Let not false propaganda undo a good project: R.V. Deshpande

Published Mar 27, 2016, 2:15 am IST
Updated Mar 27, 2016, 2:15 am IST
'We made it clear that the Tourism department does not own any of the properties'
Venkatappa Art Gallery
 Venkatappa Art Gallery

Nearly a year after the state government decided to revive the Venkatappa Art Gallery (VAG) on Kasturba Road, the proposal — to let private money and enterprise bring the art gallery up to world standards — is in a whirlwind of controversy, with several prominent artists opposing it. But Tourism minister R.V. Deshpande, who is championing it, is not about to give up. In an informal conversation with Shwetha Satyanarayan, Mr. Deshpande tried to clear the air.

As he settled down and we broached the topic, Mr. Deshpande decided to tackle it by painting — no pun intended — the big picture first. Tourism into this country has not increased in the past several years for a number of reasons, he began.

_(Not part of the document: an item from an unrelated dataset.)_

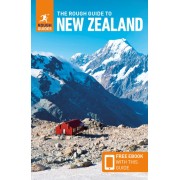 New Zealand Rough Guides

While even smaller countries like Thailand, Malaysia and Cambodia boast of a higher contribution of tourism revenues to their national GDP, the sector still contributes only 6.5 percent of our GDP. “Every state, even the Government of India wants to promote tourism,” he explained, hoping we would begin to see the point.

And as if he had anticipated what the next question would be, he continued, “Yes, yes, I know, most of the concerns of tourists are around the safety of women, cleanliness, and world-class amenities. But it’s not as if we don’t have a vision to provide all this.”

“Look, when the Centre made it mandatory for corporates to spend two per cent of their profits on CSR activities, we thought we could leverage some of that money to promote tourism. The idea was validated when no less than the Taj Mahal and Qutub Minar were adopted by private parties. Do you mean to say that the Centre lacks the vision or the money to maintain Taj Mahal and Qutub Minar or that it does not have the competence,” he asked rhetorically.  

It was on these lines that he had started ‘Adopt a Tourist Destination’ in Karnataka, and it was under this initiative, upon being requested by the state government, that mine baron and art collector Abhishek Poddar had come into the picture to revive Venkatappa Art Gallery.

“Now, here came a man with a passion for art and who is known internationally for the work he has done,” Mr. Deshpande said, in defence of the decision to hand over the art gallery to Mr. Poddar’s Tasveer Foundation. “When we signed the MoU with Tasveer, we put forth many conditions. We made it clear that the Tourism department does not own any of the properties, which means we can’t sell anything or even lease the destinations. So, there’s no question of privatization of any of them, let alone the art gallery.”

The government even decided to set up a committee to ensure that the interests of artists were protected. “That should be enough to explain that Mr. Poddar and his foundation do not have the freedom to do whatever they like or claim ownership of the art gallery at the end of the five-year contract,” the minister said. “And most importantly, Mr Poddar is not going to make a single rupee out of this! All the earnings through exhibitions will go to the art gallery for maintenance and development.”

Citizens, tourists, art lovers are all stake-holders in the art gallery. When the city gets world-class facilities and institutions, everybody benefits. Let not false propaganda jeopardize that, Mr. Deshpande said, referring to the artists’ continuing protests on the VAG issue. “The government signed the MoU transparently and Tasveer Foundation is not going to gain anything out of it. We must be thankful to Mr Poddar!” he said emphatically.

But why did his colleague Kannada and Culture minister Umashree seem to be distancing herself from the initiative, even announcing that nothing was afoot at the gallery? “The minister corrected herself later. I don’t blame her, because the agreement was made on behalf of the ministry,” he shot back.

Would he be willing to amend the MoU? “Show me how I am wrong or convince me that someone is going to personally benefit from this, and I will make changes,” he shot back. “I called the artists for a meeting, but they refused to even read the MoU. Let’s all accept reality and make our galleries world-class.” And then came a little bombshell of a whisper, the proverbial cat among the pigeons!

“You know, artists haven’t come out in the open to support this cause, but some have called me personally to compliment me on the initiative to revive the gallery,” he said, before going on to soften the blow. “I urge artists not to make this a prestige issue. We respect all artists and the interests of all stake-holders are protected in this arrangement.”